The run up in prices has been attributed to a number of factors, low interest rates, low stock, and unprecedented monetary and fiscal stimulus. Sure, prices rising at these rates each and every year is not normal, nor is it sustainable - both in property markets and in equity markets. Yet as bank lending continues to expand, any signs of a turnaround in prices is dim - and I wouldn't be holding my breath.

Before we get too excited about what we've seen over the last 12 months, I wanted to take a look at how prices have performed over the last 25 years - you know, taking a longer-term view and putting the recent rises into perspective. And so I did.

If you thought the last 12 months was crazy, take a seat before you look at these numbers.

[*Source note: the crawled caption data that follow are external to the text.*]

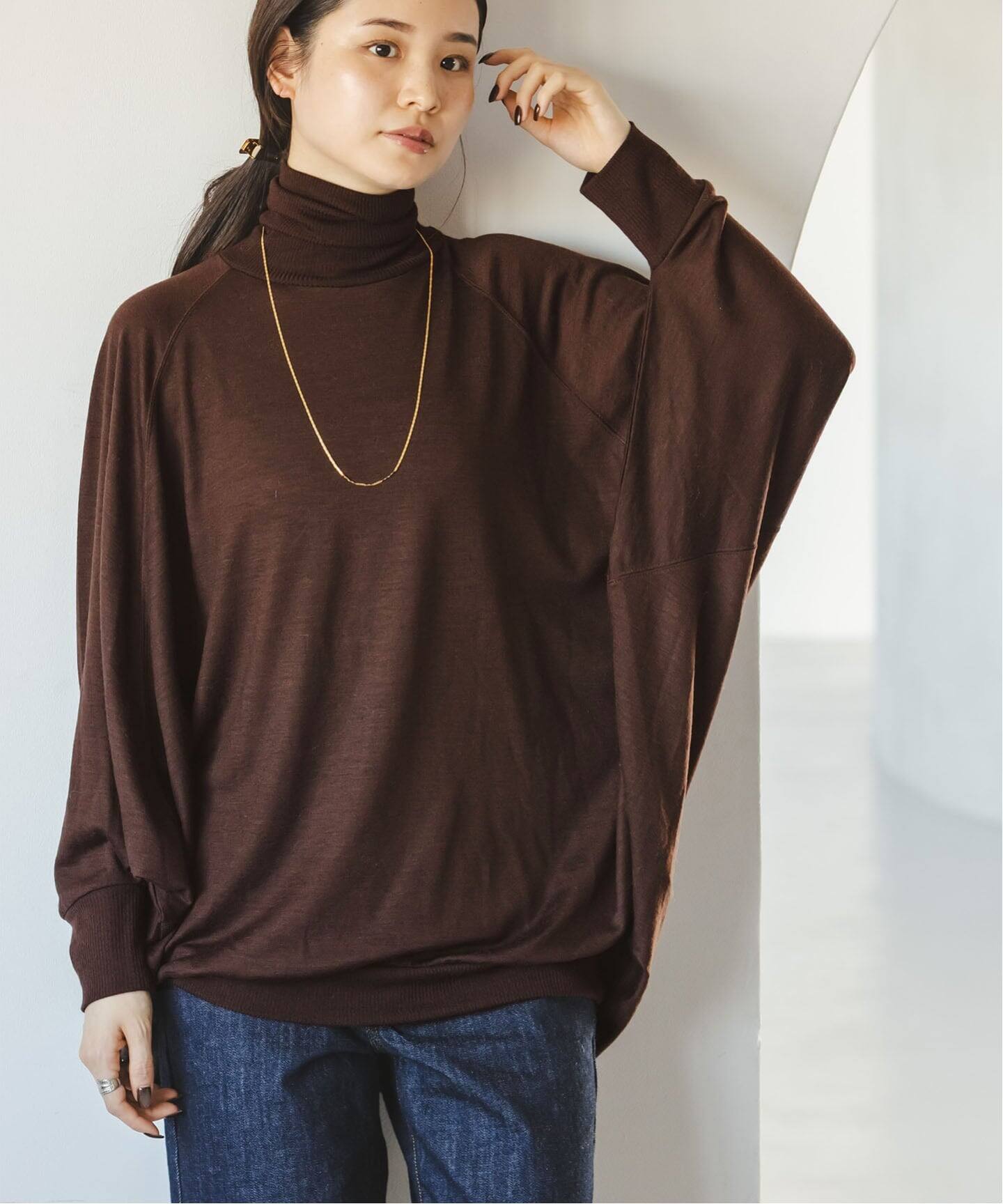 COG THE BIGSMOKE/コグザビッグスモーク MATILDA POLLO NECK ABANICOS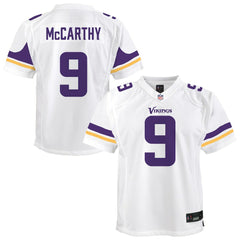 J.J. McCarthy Minnesota Vikings Youth Game Jersey - White | Nike outlet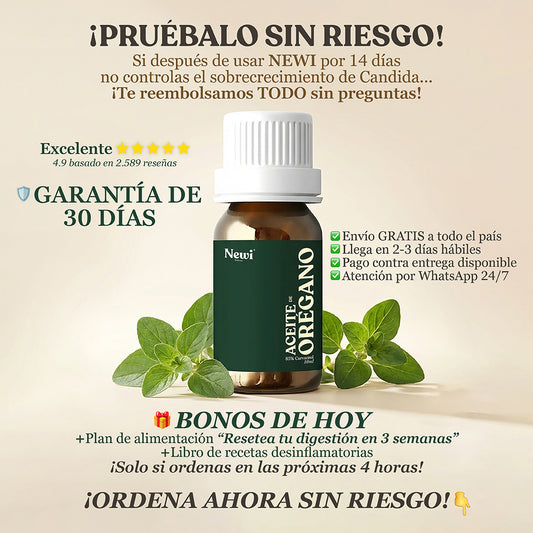 Aceite de Orégano con 75% Carvacrol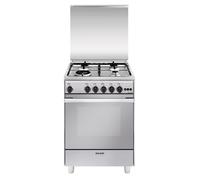 Glem gas u664vi cocina cocina independiente electricidad / gas encimer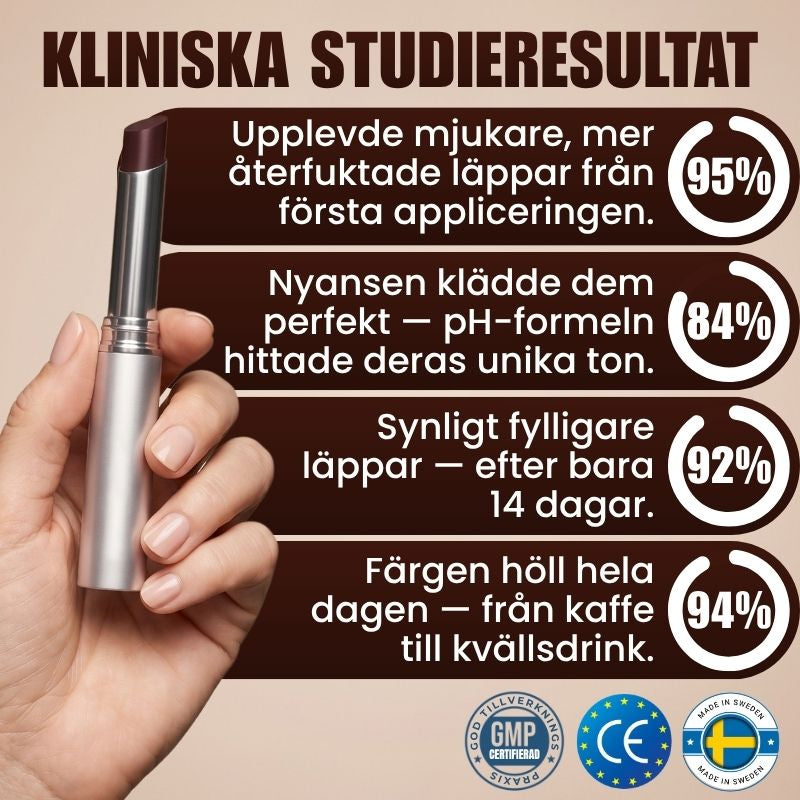 NectaNoir™ | 100 % Honungsläppstift med pH-reaktiv Färg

Melbourne leading the charge, growing by 435%, Sydney by 368%, Adelaide by 264%, Brisbane by 241%, and Perth by 178%.

Sure, these numbers look big. Let me annualise them for you:

Melbourne: 6.94% pa

Sydney: 6.37% pa

Adelaide: 5.30%

Brisbane: 5.03%

Perth: 4.17%

How outrageous are these annualised growth rates - ha! Allow me to give you even further clarity on these numbers. I then went further and adjusted the returns for inflation.

Here are the results:

Melbourne: 4.32% pa

Sydney: 3.61% pa

Adelaide: 2.75% pa

Brisbane: 2.45% pa

Perth: 1.75% pa

Melbourne, the Australian city whose property prices have ballooned out of control has grown at a very, allow me to say it, underwhelming rate of 4.32% pa for the last 25 years. Cool your jets Karen, I'm not sure if a rate of 4.32% pa in real terms is that outrageous.

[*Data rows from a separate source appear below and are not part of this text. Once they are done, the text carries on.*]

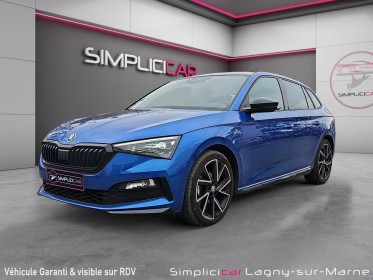 Skoda scala 1.5 tsi 150 ch dsg7 act monte-carlo - toit panoramique - entretien skoda occasion simplicicar lagny  simplicicar...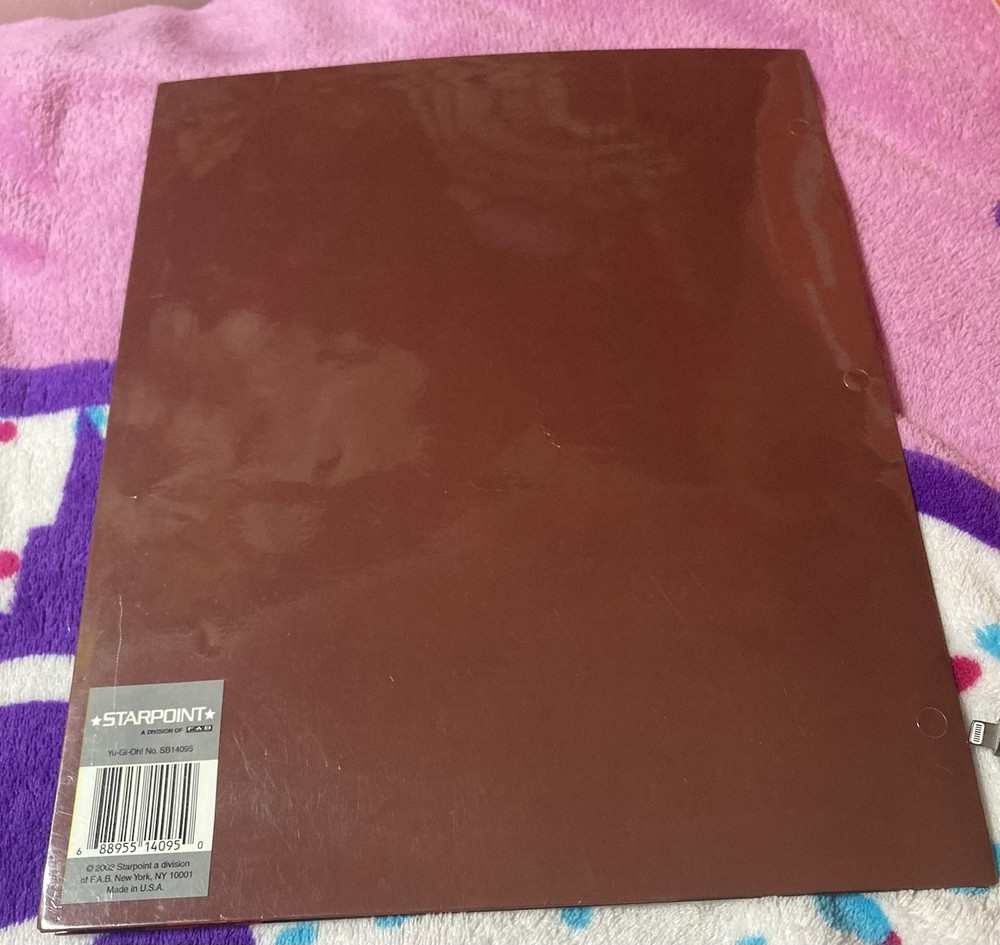 Vintage Yu-Gi-Oh! 3 Ring Folder Binder Starpoint 2002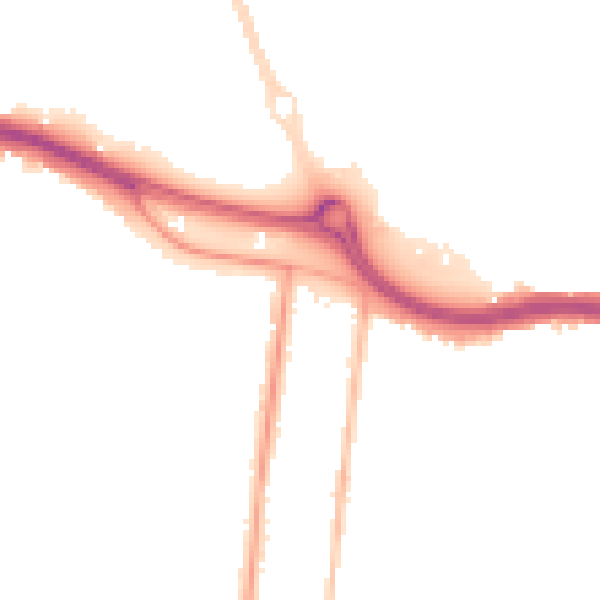 Night-time road noise heatmap for SS0 0AP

Stop watching financial pornography. It's not what's happening in real life. Have prices risen rapidly over the last 12 months? Of course they have. Does this happen each and every year? No. Will the market cool down? Yes. Does anyone know when and by how much? If anyone claims they do, they're either a liar or a fool. And you'd be even more foolish for buying into their hallucinations.

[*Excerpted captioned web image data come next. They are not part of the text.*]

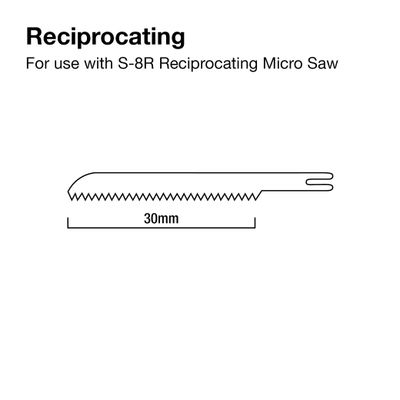 R-30 Saw Blade, 30mm, For use with S-8R Reciprocating Saw (5pcs)
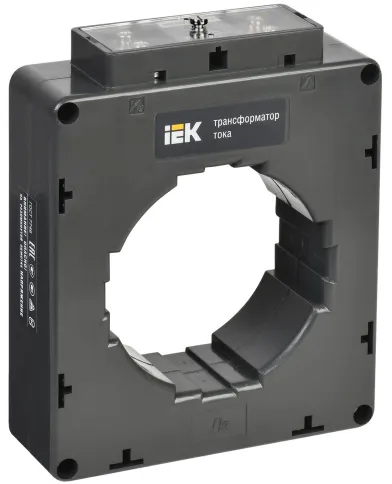 Трансформатор тока ТТИ-85 800/5А 15ВА 0,5S IEK фото 1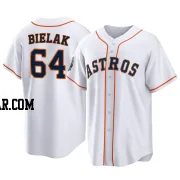 Brandon Bielak Men's Houston Astros White Replica 2022 World Series Home Jersey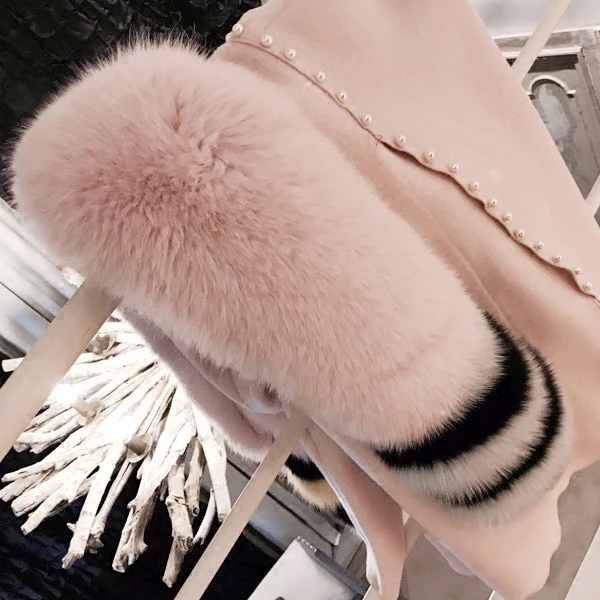 Download 2018 Trend of the New Fur Scarf Luxury Spell Color Fox Fur Scarf Shawl Female Winter-in Women's ...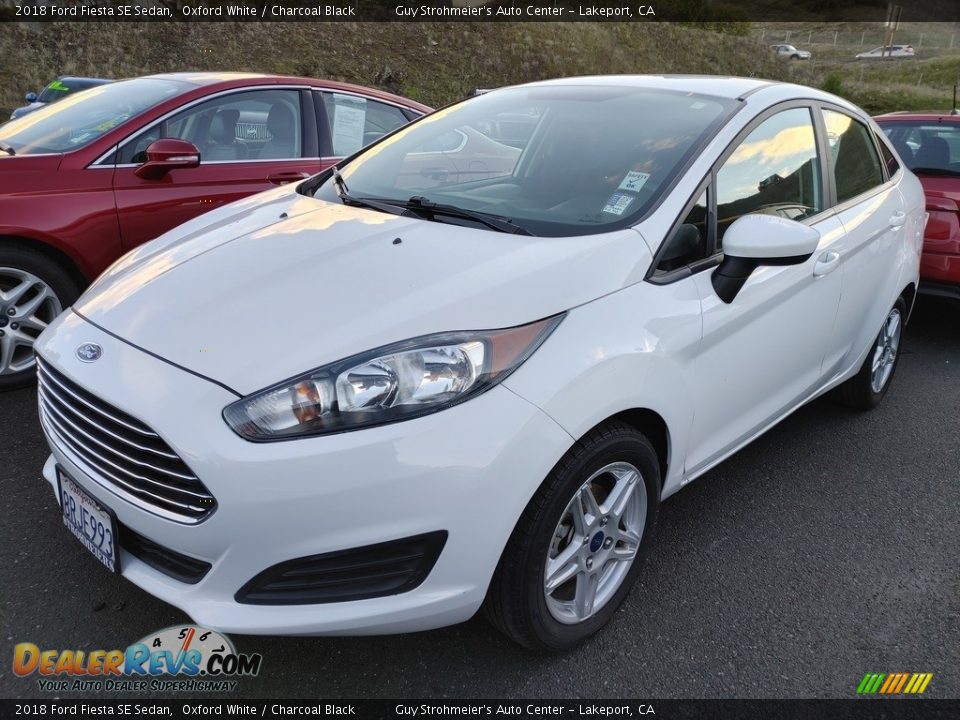 2018 Ford Fiesta SE Sedan Oxford White / Charcoal Black Photo #3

Market's rise and market's fall. The problem for investors is that we get so caught up in what is going on in the now that we extrapolate the current situation out into the future - it's called recency bias. And guess what, it's a cognitive human bias, and you and I are both human beings. It's okay, don't beat yourself up over it.

Whether the market is going up, or it's supposed to be going down, think about the objective of the investment. What is it's purpose? Believe me, it's not easy to do, but once you can crack this way of thinking and investing, your decision making will be much clearer and far less cloudy.

You don't design a house based on the weather forecast, so why do you invest in such a way.